Plastering screens, cameras and microphones into every single home appliance, CES is the prime destination for turning your home into the wet dream of government surveillance officials. From robot butlers, kitchen TVs and more sleep trackers, this year’s event did not disappoint. LG slapped cameras and screens on a new range of refrigerators and said it can now suggest recipes based on the items you have stored inside. Of course, it supports Amazon Alexa. Not to be left behind, Whirlpool also showed off a range of home appliances that can take voice commands and connect to your virtual assistants of choice.

AR and VR

We are always a bit sceptical of augmented and virtual reality products but the event showcased some noteworthy evolution of the technologies. They are definitely not ready for prime time nor ready to totally revolutionise everything you see and hear, but the little things do count. A company called Vuzix demoed the Blade AR, an Alexa-enabled smart glass that promises voice-controlled access to messages, connected devices and information when you need it. HTC presented its Vive Pro VR headset that makes it more expensive than the current gen Vive but offers a higher-resolution display, a comfierfit and an option to avoid a wired connection to a computer.


On display

TVs and other screens, in general, form a large part of the CES roster. While seeming superfluous at first, many of these products trickle down in one form or another into our living rooms. Smart TVs? Curved TVs? 4K? All these technologies once started as propositions at past CES. From LG this year, we were wowed by a 65-inch Roll Up TV — a display that simply rolls up into its base once it’s done entertaining you. The company also brought a thunderous 8K TV to the show while Nvidia showcased blazing fast displays that will take gaming to the next level. Samsung, meanwhile, crashed the party with a 146-inch “Wall TV”. Playing to the ridiculously rich was Sony with its drop-dead gorgeous $30,000 4K projector that has more bells and whistles than the Queen’s personal band.

Project Linda

One trend that we always welcome is efforts to unify our gadgets. There are many of us who unwillingly toggle between a phone (to get through the day), a tablet (to wind down) and a laptop (to get work done). Building on the back of concepts like Microsoft’s Continuum and Samsung DeX, which upscale your powerful smartphone into a PC when connected with an appropriate larger screen, mouse and keyboard, gaming company Razer showed off ‘Project Linda’. It’s a laptop shell that cleverly takes in the beastly Razer Phone where the trackpad should be and boots up like an android-powered PC, making it the most seamless implementation of the unification concept we’ve seen so far.

Wild Ones

What’s a good trade show 

without the customary cavalcade of crazy contraptions?

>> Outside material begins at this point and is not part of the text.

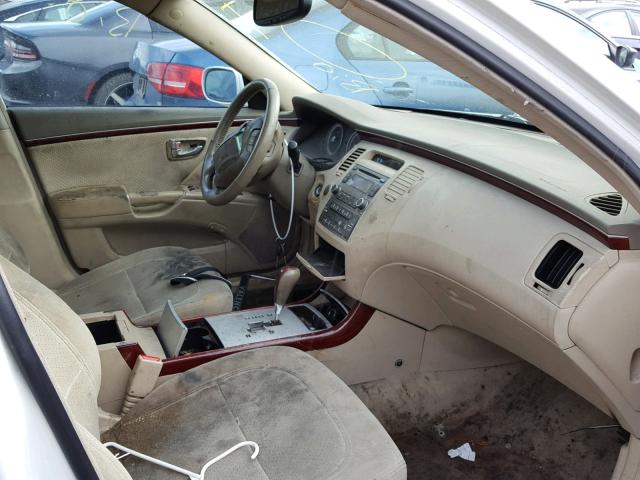 KMHFC46D87A192223 - 2007 HYUNDAI AZERA GLS WHITE photo 5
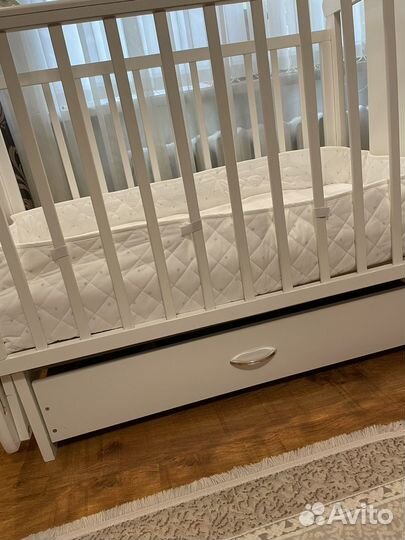 Детская кроватка с маятником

For fans of the fantastical, we present the weirdest gadgets of CES:

ForwardXCX-1

How about a self-driving carry-on strolley that follows you around like a house elf around the airport? Price: $400 (Expected)

Somnox

A pillow that mimics human breathing so that you can cuddle with it at night to sleep better. 

Geek level: Forever alone. 

Price: $549

Kohler Numi

Alexa, please flush my poop — that is the promise of this internet-connected toilet. 

Price: $5,625 and up.

Modius

Exercise is for sissies. Some of

us like to zap our vestibular 

nerve to watch our weight. 

Price: $500

Laundroid

We all hate folding laundry but will you play Rs 10 lakh for a cabinet that does it for you? A company called Laundroid thinks so.